Albertine est donc repartie chez elle en Tourraine, laissant le narrateur en proie aux pires douleurs.
Malgré la répétition, dans sa stratégie pour la faire revenir, d’erreurs du passé, et malgré les jours qui passent sans qu’il reçoive de son ami Saint-Loup la bonne nouvelle attendue, il ne peut s’empêcher de croire au succès de son entreprise.
Son espoir semble alors indestructible ; il lui est surtout indispensable :
« C’est toujours une invisible croyance qui soutient l’édifice de notre monde sensitif, et privé de quoi il chancelle. »

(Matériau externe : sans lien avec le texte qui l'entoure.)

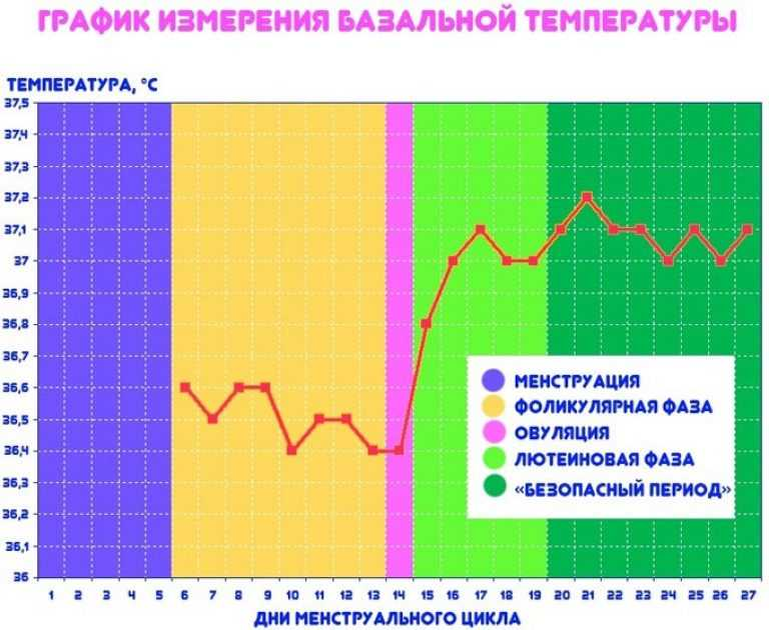 Базальная температура у женщин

Mais, décidément, Albertine ne revient pas. Il sait qu’il faudrait qu’il l’oublie ; n’y parvient pas.
Si le bonheur, ou du mois l’absence de souffrances, peut être trouvé, ce n’est pas la satisfaction, mais la réduction progressive, l’extinction finale du désir, qu’il faut chercher. On cherche à voir ce qu’on aime, on devrait chercher à ne pas le voir, l’oubli seul finit par amener l’extinction du désir.
Ces réflexions l’amènent à réaliser la solitude de chaque être, malgré les illusions dont il se berce :
Les liens entre un être et nous n’existent que dans notre pensée. La mémoire en s’affaiblissant les relâche, et, malgré l’illusion dont nous voudrions être dupes et dont, par amour, par amitié, par politesse, par respect humain, par devoir, nous dupons les autres, nous existons seuls. L’homme est l’être qui ne peut sortir de soi, qui ne connaît les autres qu’en soi, et, disant le contraire, ment.
Mais cette idée est bien entendu insupportable, comme l’est celle de l’oubli :
Et j’aurais eu si peur, si on avait été capable de le faire, qu’on m’ôtât ce besoin d’elle, cet amour d’elle, que je me persuadais qu’il était précieux pour ma vie. Pouvoir entendre prononcer sans charme et sans souffrance les noms des stations par où le train passait pour aller en Tourraine m’eût semblé une diminution de moi-même (simplement au fond parce que cela eût prouvé qu’Albertine me devenait indifférente).
Bel été et belles lectures à tous.
coucou,
je profite de mon dernier jour au boulot sur Paris pour faire un petit commentaire sur ce blog génial. A la surprise générale, je choisis le billet sur Proust pour le faire alors que cet écrivain n’est vraiment pas ma tasse de thé (n’est-ce pas Mag ?). Mais je voulais juste dire que tous ces billets sur Proust (même si je ne l’ai pas tous lu) m’ont permis d’approcher l’oeuvre de ce grand écrivain, de manière intelligente et claire et d’être même touchée par son écriture et ses sentiments. Merci donc à Maglm pour son analyse toujours juste de ce qu’elle voit ou lit, et pour ses billets qui sont toujours un petit bonheur le matin. Mention spéciale pour la forme des derniers billets sur Proust qui sont beaucoup plus simples à aborder et plus "conviviaux" en quelque sorte.